We'd gotten a tip the wall was an interesting way to kill a few hours. On top of the wall you can rent bicycles or golf carts to ride around the entire wall. We opted for walking and strolled leisurely for a bit along the southern side of the city.


We decided the wall really wasn't very interesting. It was an old wall that had originally been built 400 years ago, but had obviously been rebuilt recently. None the less, we successfully killed a few hours but regretted ignoring the guides advice to check out Muslim Street.




Rafael was our tour guide, we'd chosen him based on a reference from friends. Turns out he runs a tour guide company with multiple guides, drivers and vans. I can't speak for his other guides, but Rafael's English was good and his knowledge about Xi'an was fantastic.
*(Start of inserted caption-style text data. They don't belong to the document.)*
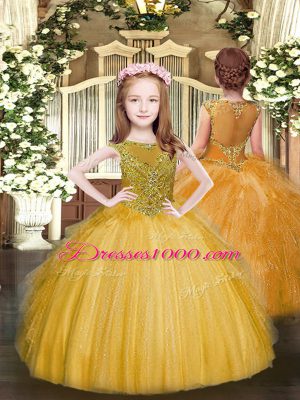 Ball Gowns Pageant Gowns For Girls Gold Scoop Tulle Sleeveless Floor Length Zipper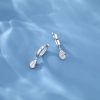 Sterling Silver Drop Zircon Earrings
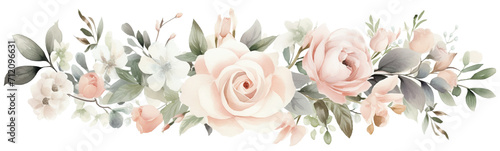 Watercolor Pink Flowers Clipart. Pink Roses PNG, Floral Bouquets. Wedding Flowers with transparent background. Floral Wreath Digital Art photo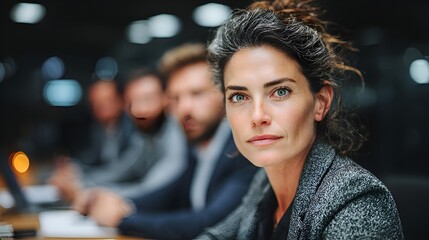 A confident businesswoman with striking gray hair looks directly at the camera du an office meeting now.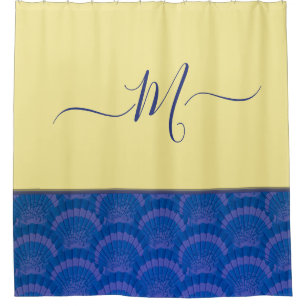 Rideaux De Douche Monogramme moderne jaune côtier bleu coquillage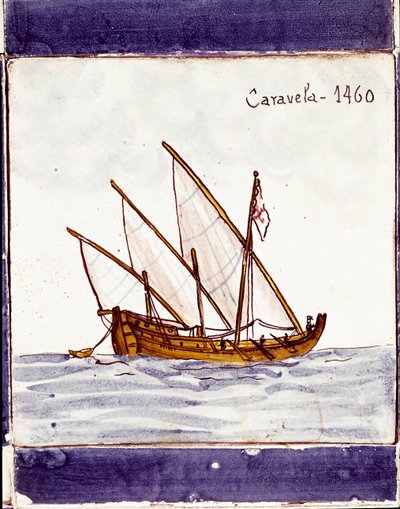 Portugalin laivaston karavellin esitys (piirustus keramiikasta (azulejo) tekijältä School Portuguese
Miriam thought he had an interesting yellow badge on his shirt.


On the wall was a small bicycle museum with some very interesting examples from the history of bikes in China. The museum wasn't very big, but was certainly interesting to me.


There was also a hat salesman who capitalized on our being ill prepared for hot sunny weather. Shayne purchased enough shade for two people.



After the wall and a quick nap, we headed off for dinner at the Tang Palace Dance Show.




The show was really interesting with multiple performances of various traditional Chinese styles. It reminded me of the performances we saw last year at the Master of Nets Garden in Suzhou. However this show had a much larger budget.




The dinner on the other hand left something to be desired. Chinese dumplings are good - as long as they're served as part of a larger and much more assorted spread. However, and this dinner was dumplings and only dumplings. Granted, they were stuffed with a variety of stuffs but dumplings are dumplings and it got old pretty quick. I guess the large show budget is augmented by serving cheap food.


Perhaps the highlight of the evening was when we tried to get a refill on our Sprite. None of the waitresses could be bothered with it, so Mom got up, went to the waitress station and grabbed the bottle. We refilled and set it on the table like we saw on other tables, but soon someone came and took it back. Then the manager came and tried to sell us the bottle, while he tried to avoid looking annoyed....apparently they operate on the drug dealer business model. The first taste is free, after that it'll cost you.


After that we were all completely knackered, in fact Shayne took MJ back to the hotel early and missed the show. This was the fourth straight day of heavy tourism and we weren't done yet. The next day was reserved for the terracotta warriors.